On March 16th, the Cypriot President Nicos Anastasiades, who’d been in office for about a month, announced a strategy to solve the country’s banking crisis. This plan, which would be funded in part by confiscating money directly from every single bank account in Cyprus—even the very smallest—met with instantaneous and violent opposition from the country’s citizens. Offstage, the European Union, led by a group of adamant Germans, Finns, and Danes, as well as the I.M.F. and the European Central Bank, pointed a cannon at Anastasiades’s head: if he didn’t move forward with this plan, the Cyprus banks would go bust and their hapless customers would lose pretty much all their money, instead of a measly 6.75 per cent. However, under great pressure from their constituents, Cypriot M.P.s rejected the proposal and sent Anastasiades back to the drawing board.

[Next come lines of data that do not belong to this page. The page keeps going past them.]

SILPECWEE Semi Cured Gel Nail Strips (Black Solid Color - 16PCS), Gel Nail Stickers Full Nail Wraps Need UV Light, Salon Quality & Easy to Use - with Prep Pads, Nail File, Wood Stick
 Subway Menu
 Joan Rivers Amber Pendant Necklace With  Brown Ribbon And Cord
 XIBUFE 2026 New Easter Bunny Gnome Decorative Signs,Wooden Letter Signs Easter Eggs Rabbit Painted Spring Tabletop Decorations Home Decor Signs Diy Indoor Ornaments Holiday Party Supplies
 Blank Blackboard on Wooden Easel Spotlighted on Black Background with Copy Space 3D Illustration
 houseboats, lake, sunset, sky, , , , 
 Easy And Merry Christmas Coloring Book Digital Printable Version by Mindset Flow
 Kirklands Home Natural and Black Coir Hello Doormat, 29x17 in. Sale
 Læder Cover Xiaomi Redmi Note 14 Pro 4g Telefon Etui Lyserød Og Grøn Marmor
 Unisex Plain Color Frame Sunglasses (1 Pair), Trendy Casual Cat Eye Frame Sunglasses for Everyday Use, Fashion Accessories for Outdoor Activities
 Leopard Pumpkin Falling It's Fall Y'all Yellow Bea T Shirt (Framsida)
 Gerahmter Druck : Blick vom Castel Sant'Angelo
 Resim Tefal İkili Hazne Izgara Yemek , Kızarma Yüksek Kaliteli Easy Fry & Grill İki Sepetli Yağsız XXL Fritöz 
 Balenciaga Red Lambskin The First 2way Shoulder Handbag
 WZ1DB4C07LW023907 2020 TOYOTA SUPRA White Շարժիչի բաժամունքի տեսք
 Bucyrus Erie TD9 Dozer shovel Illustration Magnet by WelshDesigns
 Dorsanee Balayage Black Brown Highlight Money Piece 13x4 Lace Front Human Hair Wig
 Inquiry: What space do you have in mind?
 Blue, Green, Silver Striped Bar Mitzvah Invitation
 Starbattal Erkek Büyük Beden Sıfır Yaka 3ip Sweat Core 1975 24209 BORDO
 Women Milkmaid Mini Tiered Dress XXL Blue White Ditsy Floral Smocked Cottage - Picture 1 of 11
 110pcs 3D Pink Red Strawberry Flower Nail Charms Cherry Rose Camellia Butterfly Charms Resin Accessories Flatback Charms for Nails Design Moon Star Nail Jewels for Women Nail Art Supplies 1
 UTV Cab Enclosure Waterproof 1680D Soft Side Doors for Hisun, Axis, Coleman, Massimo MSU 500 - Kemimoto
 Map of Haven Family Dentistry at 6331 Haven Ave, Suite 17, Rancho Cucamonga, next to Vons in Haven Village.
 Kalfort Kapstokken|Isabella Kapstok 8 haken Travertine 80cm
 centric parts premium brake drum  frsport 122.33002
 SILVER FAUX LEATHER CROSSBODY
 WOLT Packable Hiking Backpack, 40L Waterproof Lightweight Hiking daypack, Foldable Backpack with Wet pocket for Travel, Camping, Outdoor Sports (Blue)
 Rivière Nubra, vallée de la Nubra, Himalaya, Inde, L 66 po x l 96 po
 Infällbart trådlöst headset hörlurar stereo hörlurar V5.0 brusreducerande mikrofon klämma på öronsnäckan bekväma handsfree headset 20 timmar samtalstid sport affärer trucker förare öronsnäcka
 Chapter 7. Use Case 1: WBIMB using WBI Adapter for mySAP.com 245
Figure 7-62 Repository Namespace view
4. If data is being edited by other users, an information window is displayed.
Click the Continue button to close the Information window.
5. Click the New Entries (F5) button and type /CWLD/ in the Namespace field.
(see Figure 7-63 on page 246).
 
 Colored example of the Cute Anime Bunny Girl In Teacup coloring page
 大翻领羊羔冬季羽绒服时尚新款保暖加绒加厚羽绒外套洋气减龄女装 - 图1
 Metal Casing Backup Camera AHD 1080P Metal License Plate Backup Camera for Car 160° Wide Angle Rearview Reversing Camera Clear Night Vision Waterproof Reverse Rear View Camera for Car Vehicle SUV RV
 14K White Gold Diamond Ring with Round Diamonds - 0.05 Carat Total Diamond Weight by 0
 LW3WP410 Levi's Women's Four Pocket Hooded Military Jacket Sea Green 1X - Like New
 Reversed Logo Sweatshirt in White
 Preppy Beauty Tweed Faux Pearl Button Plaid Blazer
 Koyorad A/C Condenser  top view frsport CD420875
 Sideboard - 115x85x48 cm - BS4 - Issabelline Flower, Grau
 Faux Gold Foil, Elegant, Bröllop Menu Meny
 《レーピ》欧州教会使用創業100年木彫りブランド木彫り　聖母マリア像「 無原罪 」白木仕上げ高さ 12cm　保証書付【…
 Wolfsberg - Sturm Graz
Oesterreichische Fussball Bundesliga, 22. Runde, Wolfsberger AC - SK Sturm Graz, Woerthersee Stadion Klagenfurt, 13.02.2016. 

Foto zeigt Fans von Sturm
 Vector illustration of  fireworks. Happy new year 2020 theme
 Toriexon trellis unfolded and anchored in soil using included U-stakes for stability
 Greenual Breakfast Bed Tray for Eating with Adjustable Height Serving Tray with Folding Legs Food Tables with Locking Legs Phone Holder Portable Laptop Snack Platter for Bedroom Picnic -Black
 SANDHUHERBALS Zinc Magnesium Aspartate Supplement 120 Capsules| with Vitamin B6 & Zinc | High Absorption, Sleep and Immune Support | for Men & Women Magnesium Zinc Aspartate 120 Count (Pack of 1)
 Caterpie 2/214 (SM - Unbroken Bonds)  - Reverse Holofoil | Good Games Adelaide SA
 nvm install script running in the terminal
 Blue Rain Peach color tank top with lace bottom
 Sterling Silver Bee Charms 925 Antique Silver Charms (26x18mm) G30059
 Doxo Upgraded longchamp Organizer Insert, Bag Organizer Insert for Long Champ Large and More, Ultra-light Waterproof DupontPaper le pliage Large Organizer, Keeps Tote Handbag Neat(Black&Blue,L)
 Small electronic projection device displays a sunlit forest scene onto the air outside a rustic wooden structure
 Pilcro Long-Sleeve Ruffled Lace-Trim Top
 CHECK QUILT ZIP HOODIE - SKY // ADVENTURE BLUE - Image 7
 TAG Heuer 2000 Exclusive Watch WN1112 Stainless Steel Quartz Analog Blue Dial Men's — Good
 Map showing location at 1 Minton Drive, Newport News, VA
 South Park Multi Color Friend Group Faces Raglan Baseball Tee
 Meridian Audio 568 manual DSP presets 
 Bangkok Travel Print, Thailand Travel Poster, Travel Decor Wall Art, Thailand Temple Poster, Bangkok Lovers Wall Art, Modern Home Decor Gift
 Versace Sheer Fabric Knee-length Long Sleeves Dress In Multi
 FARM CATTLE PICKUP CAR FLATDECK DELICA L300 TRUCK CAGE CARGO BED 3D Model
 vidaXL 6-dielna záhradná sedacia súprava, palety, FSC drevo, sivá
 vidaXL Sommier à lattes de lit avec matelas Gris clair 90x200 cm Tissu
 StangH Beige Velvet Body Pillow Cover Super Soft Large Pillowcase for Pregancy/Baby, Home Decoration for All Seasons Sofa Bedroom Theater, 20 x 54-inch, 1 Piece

The following Monday, the price of the decentralized electronic currency bitcoin rose from forty-five to fifty-five dollars on the major exchanges, and by Wednesday it had nipped up to sixty-five dollars. The financial media generally agreed that the two dramas are related. According to Bloomberg Businessweek, it appears that Spaniards are liable to have been particularly active buyers of bitcoins that week, having taken the debacle in Cyprus as the likely sign of a forthcoming governmental plunder of their own savings. The evidence coming out of Spain is circumstantial—a spike in Google searches for “bitcoin,” and another on mobile-app downloads of Bitcoin-related software were widely reported—but the pieces appear to fit. Subsequent developments (including the announcement of an eleventh-hour bailout deal for Cyprus) have so far failed to stabilize the euro or cool the bitcoin fever, with the price over a hundred and three at the time of writing.

That a number of panicked Europeans appear to have reckoned the wildly volatile, vulnerable, and tiny bitcoin market a preferable alternative to their own banking system, even temporarily, signals a serious widening of the cracks between the northern and southern E.U. countries in the wake of the euro-zone debt crisis. It also illustrates the broader collapse of trust that is threatening the world of global banking and fiat money.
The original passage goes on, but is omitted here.